12.14.2010

tripping, road-style. by which I mean I am taking a road trip...

...just so that's clear.

This fabulous two-week Christmas break will be marked by some serious road-tripping.  When Tyler and I road-trip, we do not mess around.  And by that I mean we don't stop.  Ever.  My road-trip bladder was highly conditioned in my youth to withstand trips across the state of Montana with nary a stop and for this I am eternally grateful.  Not because Tyler is a stop-Nazi who veers into maniacal laughter as I beg for relief, but because it sucks to be the stereotypical girl on a road trip who has to pee every fifteen minutes.  We stop for gas and gas only, barring any unfortunately-timed energy drinks.
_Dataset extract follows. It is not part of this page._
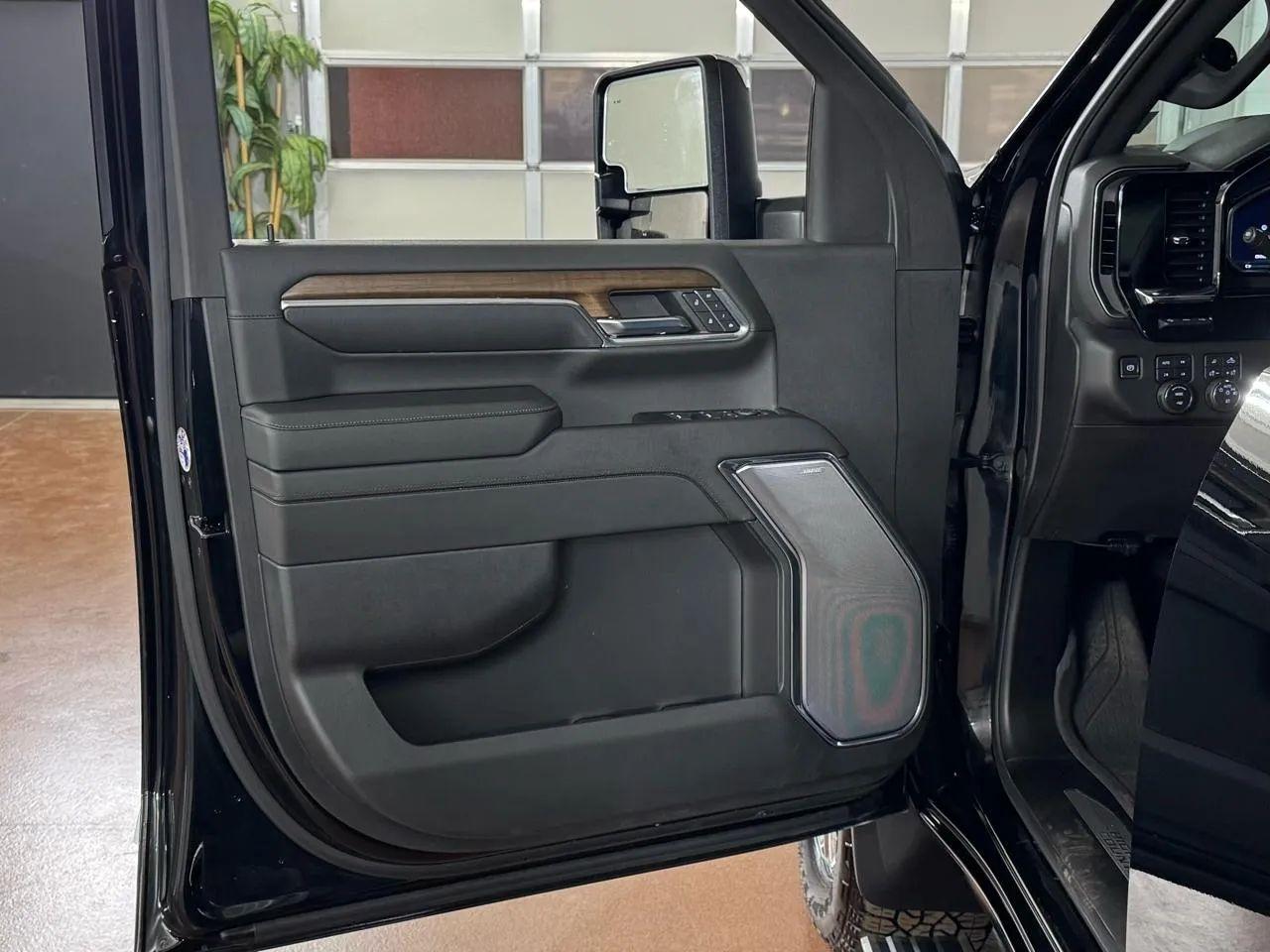 Chevrolet Silverado 2500HD  2024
The road-trip in question will be a journey from Pullman, Washington to Denver, Colorado to Whitefish, Montana back to Pullman, Washington.  I find it likely to the point of certainty that we will do each of these drives in one day.  Pullman to Denver.  In one day.  Denver to Whitefish.  In one day.  That is how we roll.  And by that, I mostly mean that that is how Tyler rolls.  The man can drive indefinitely.  And does.  He does these 18-hour drives by himself often and seemingly requires little distraction.  Give the man a few cds and maybe some food and he is good to go.  I also require a few cds but generally lose my mind somewhere around the five-hour mark.  This provides some entertainment for my fellow trippers, but I phase in and out of reality once I pass this point of no return.  One friend may recall me laughing hysterically at a sign for a historic tree nursery for about a half hour while continuously talking in a British accent that would horrify anyone who is even remotely fond of Britain.

Anyway, that doesn't really matter much because I won't really be driving much.  I usually drive in about two-hour stretches with Tyler.  I think this is due to three important factors.  1:  Tyler feels safer when he drives unsafe stretches (ex. mountain passes, dark roads, winding roads, narrow roads, icy roads, wet roads, roads with wildlife or other drivers anywhere about, etc.).  2:  I have the attention span of a head-injured goldfish.  And 3:  I am not a good driver.  This is due largely to the attention-span thing.  I get easily distracted by colorful things, shiny things, scenery, motion, or the subject I happen to be talking about at the time.  It is also due to random bouts of superiority (displayed by driving almost exactly the speed limit and sadly shaking my heads at all the reckless drivers around me) followed immediately and at random by bouts of extreme and unwarrented aggression (displayed by yelling loudly at drivers anywhere near me, slower drivers, anyone changing lanes, or inanimate objects like stop signs).  Apparently, schitzophrenic driving is a little nerve-wracking for passengers.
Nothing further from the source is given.